Tuesday, December 8, 2009

The World Will No Longer Turn


Maestro, a little organ music if you please.
It is with deep personal sadness I have to announce the imminent cancellation of CBS's venerable (54-years old) afternoon soap opera As The World Turns.
The last episode will run on September 7, 2010.
Me and The World we go way back. I was a sick, little boy (the measles) when ATWT premiered live on CBS on April 2 1956 in blazing black and white.
Then there was the time when I toiled for The Hamilton Spectator and got to interview one of the first actors on air and somebody still continuing, that most excellent of ATWT stars Don Hastings who played Bob Hughes.
Hastings holds the record for playing a character the longest on TV: a mere 48 years.
Helen Wagner who played his mom Nancy Hughes McClosky was the one series original still with the show but she wasn't there the day I ventured on set because of a long standing contract dispute. It wasn't settled until years later to permit her return.
And, yes , it was Hastings and Wagner who were interrupted that fateful day in 1963 as Walter Cronkite burst on and announced President Kennedy had been shot dead in Dallas.
ATWT was TV's most watched afternoon soap from 1958 through 1978. The show did not switch to color until 1967 and became an hourlong soap in 1975.
AS of Dec. 8 the count was an amazing 13,661 episodes.

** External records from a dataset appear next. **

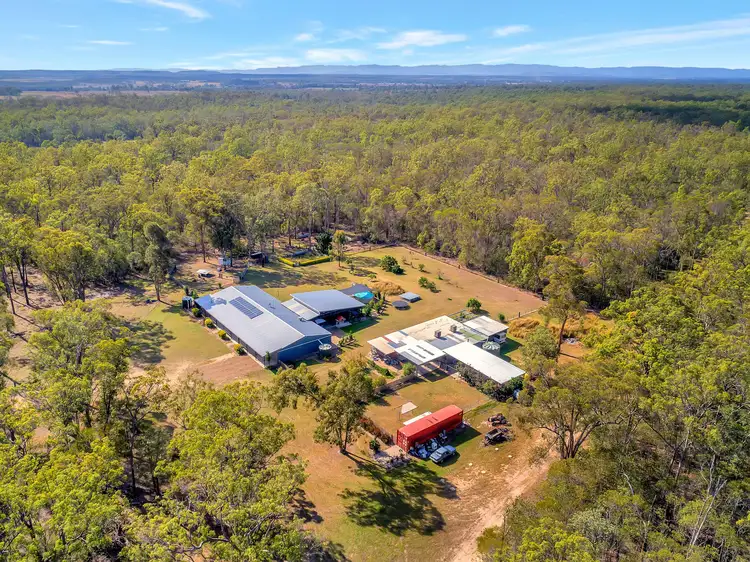 Main view of Homely house listing, 110 Main Green Swamp Road, Churchable QLD 4311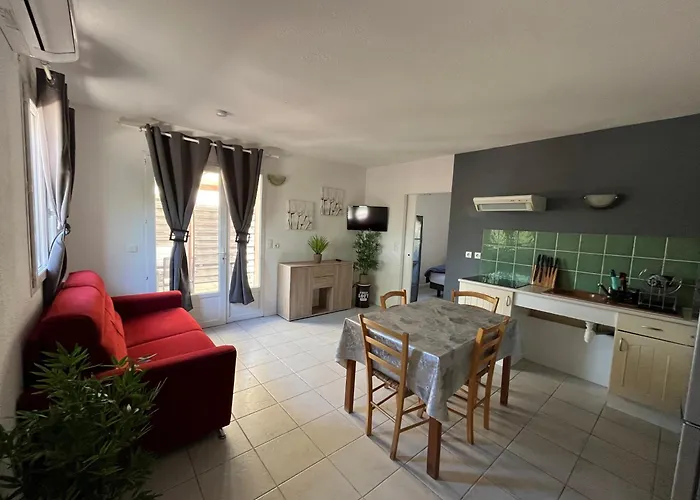 Mont Bouquet Lodge-residence Hoteliere Σπίτι διακοπών Brouzet-les-Ales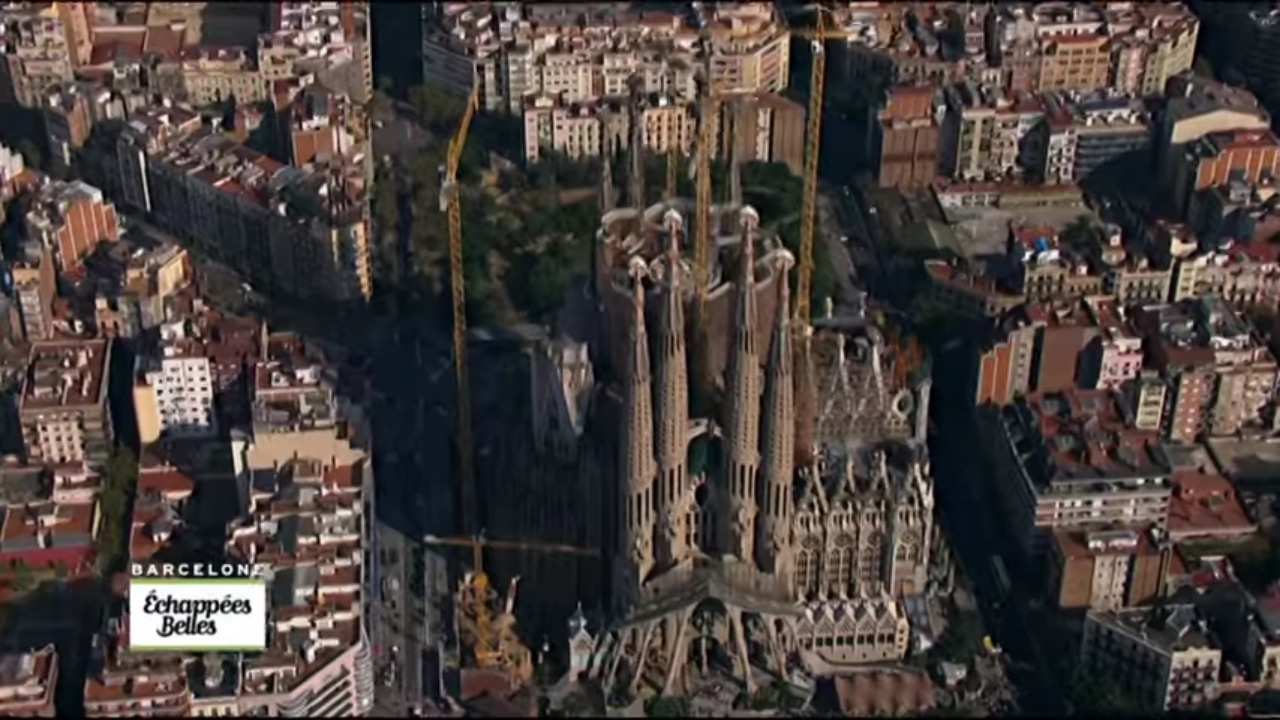 Barcelone et la Catalogne - Échappées belles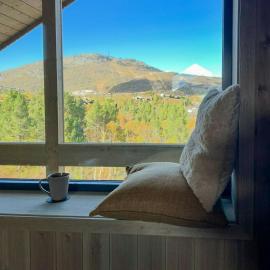 Modern Apartment In The Heart Of Hovden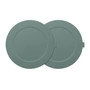 Fatboy - Place-we-met placemat, dark sage (set of 2)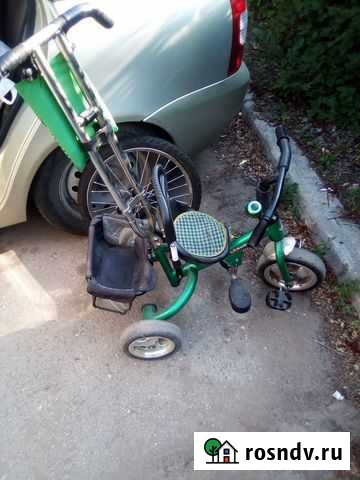 Велосипед детский трехколесный Тольятти - изображение 1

But who's counting.
Its demise marks the end of Procter and Gamble soap operas--originally these dramas ran live on radio and were owned by the soap companies.
The Spec once sent me off to New York city --it was around 1977--for an amazing week of going from TV soap set to soap set.
I interviewed the Canadian actress Tudi Wiggins who was co-starring at the time in the early bird soap opera Love Of Life.
She told me to whisper because the actor playing her son was sleeping on the couch in the living room set. He had to fly back and forth from Boston every day to make the show and the Katharine Hepburn play he was in at the same time. It was Christopher Reeve.
Love Of Life ran at 11:30 every weekday morning and I sat in on a live broadcast --yes, it true --a little man dressed in black stepped forth to the organ and began playing the theme music.
There was no canned music on any of these sets.
A visit to Brooklyn and a day on the set of Another World was a great experience. Stars on tap that day included Eric Roberts (Julia's big bro) and Christina Pickles and Gail Brown (Karen Black was her sis).
But the highlight was a visit to the penthouse suite of soap maven Agnes Nixon who had Another World an One Life To live running but whose first job was as a writer on As The World Turns.
It was the first half hour soap, a daring innovation in its day and the creator was the legendary Irna Phillips who also created The Guilding Light (cancelled three months ago) and Love Is A Many Splendored Thing.
Phillips set her saga in a fictional American Midwest city peopled by an all white cast. Original mom Wagner stayed home and seemed to be always baking. She once remembered her horror during a live broadcast when the beeper on the stove wouldn't shut off.
On the ATWT set during my last day in New York I met the CBS head of soaps, Darryl Hickman and such ATWT luminaries as Eileen Fulton and Chris Hughes. They traded jokes about the bloopers that happened on air during the days of live telecasts. At the time ratings were running sky high and continued for the next 25 years.
Stars who got their first breaks on the show include Meg Ryan, Courtney Cox, Parker Posey, Julianne Moore and Lea Salonga.
So what went wrong?
In recent years ratings plummeted and running original scripted dramas proved too costly for the Big Three network which can substitute a cheaply made talk thing like The View or a game show fin which five episodes are taped in one day.
Mothers never worked back in the Sixties --that was a real social stigma. And soaps flourished in a three network TV universe.
Soaps got too racy for many of its staid supporters. ATWT's gay themed love affair didn't attract the numbers as intended.
Soaps are still there but in other forms. Night soaps still work --look at Brothers And Sisters, Grey's Anatomy and Private Practice.
And what about the Tiger Woods saga with his multiple mistresses which the TV tabs are currently playing for all its worth. That sad saga is a true life soap all by itself.
ATWT ends in September and there are plans to try to sell it in syndication. Reruns will be on the U.S. soap channel which we don't get up here.
Next to go is ABC's fragile One Life To Live. Or so I'm told.
That means only five soap operas could be around by the end of the current season. The end of an era? Yeah. But the live organ accompaniment ended decades ago.


1 comment:

Unknown said...

Great headline, terrific story, Jim, nice peek at a lost age in broadcasting.